This paragraph made me smile:

Writers are a lot of things: depressed, funny, paranoid, anxious, competitive, compulsive, surly, sorry, ambitious, brilliant, insightful, perceptive, intense, psychologically acute, dreamy, and indefatigable. They love to fight and seek forgiveness. They want to alone and loved by all. They will push an editor to the edge and then over it. They love to procrastinate. They love to send emails in the middle of the night. They need to make sure you are thinking about them. Writers cry, complain, gnash. Authors let their freak flags fly. They are insecure because everything about their lives is insecure. Make a living writing? Put their life’s work in the hands of publishers? Even the most successful writer lives out on a limb. It’s a deeply risky and precarious way to live. It can be equally thrilling and demoralizing. It’s life on a high wire and there is nothing like it: creating original work. Making something out of nothing, pulling rabbits from hats. However much power it feels like the publisher has, it’s the writer ultimately, who has the power to create.

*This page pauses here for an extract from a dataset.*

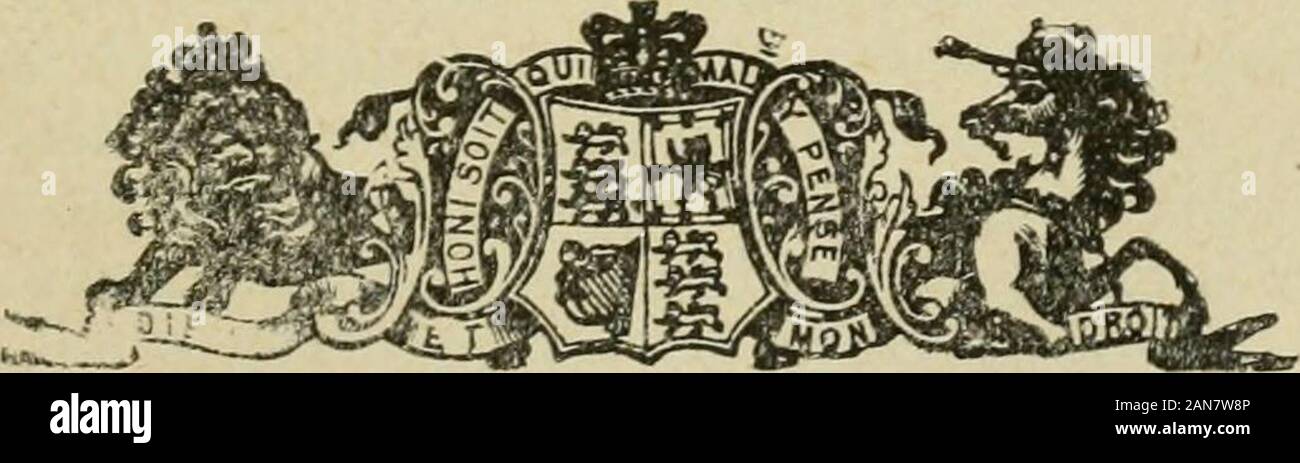 Ontario Sitzungsdiensten Papers, 1895, Nr. 33-67. Abb., LL, QC Außerschulischen Professor für Psychische Erkrankungen: Daniel Clark, M.D., Tor. Profetsor der Physik: James Loudon, M.A., LL.D. Dozent für Physik: C. A.: Gesang, B.A.-I* rotessor für Chemie: W. H. Pike, M.A., Oxon., Ph.D., Göttingen. ^ Dozent für Chemie; W. L. Miller, B.A., Ph.D., München. F. B. Allan, B.A. Dozent für Chertiistry und Toxikologie: W. H. Ellis, M.A, M.B., Tor. Professor der Biologie: R. Ramsay Wright, M.A., B.Sc., Edin. Professor für Physiologie: A. B. Macallum, B.A., M.B., Tor., Ph.D., Johns Hopkins. Assistant Demonstrator in Biol Stockfoto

That’s one of the best descriptions of being a writer I’ve seen, though it doesn’t include being bored.

As 2020 draws to a close, I spent another day yesterday working my way through tedium as I prepared the chapters of Book 4 of my Cornish Detective series to upload to ACX for consideration as being OK to appear on the shelves of Audible.

I devoted eight mind-numbing hours to this, repeatedly applying the effects needed to satisfy the requirements of Audacity’s ACX Check Analyzer. I figured that uploading 38 chapters to ACX would take me an hour. It took me three-and-a-half, for ACX was obstructive and illogical, stating in one place that there were problems with the upload, while on another page the Upload Manager reassured me that there were no problems! I had to submit some chapters five times to make the warning message go away.

I won’t know if there were any ‘problems’ for at least a month, as that’s how long it takes ACX to run their quality control check.

Asking questions of ACX’s customer service team feels like being an amoeba in a puddle asking a T-Rex why it’s just crapped on me! Amazon’s customer service team are brilliant, but ACX is unreachable.

Overall, I’m glad that I decided to create audiobooks of my crime series, but since April 23rd when I started, I’ve worked 12-hour days every day to get the task completed. By late tonight, I’ll have uploaded all five titles. Do I have a sense of achievement? Not really. I’m more relieved that I don’t have to do it anymore and that I can return to creative writing, which brings me joy.

At the moment, I feel bored, annoyed and frustrated.

How do you feel about your writing year?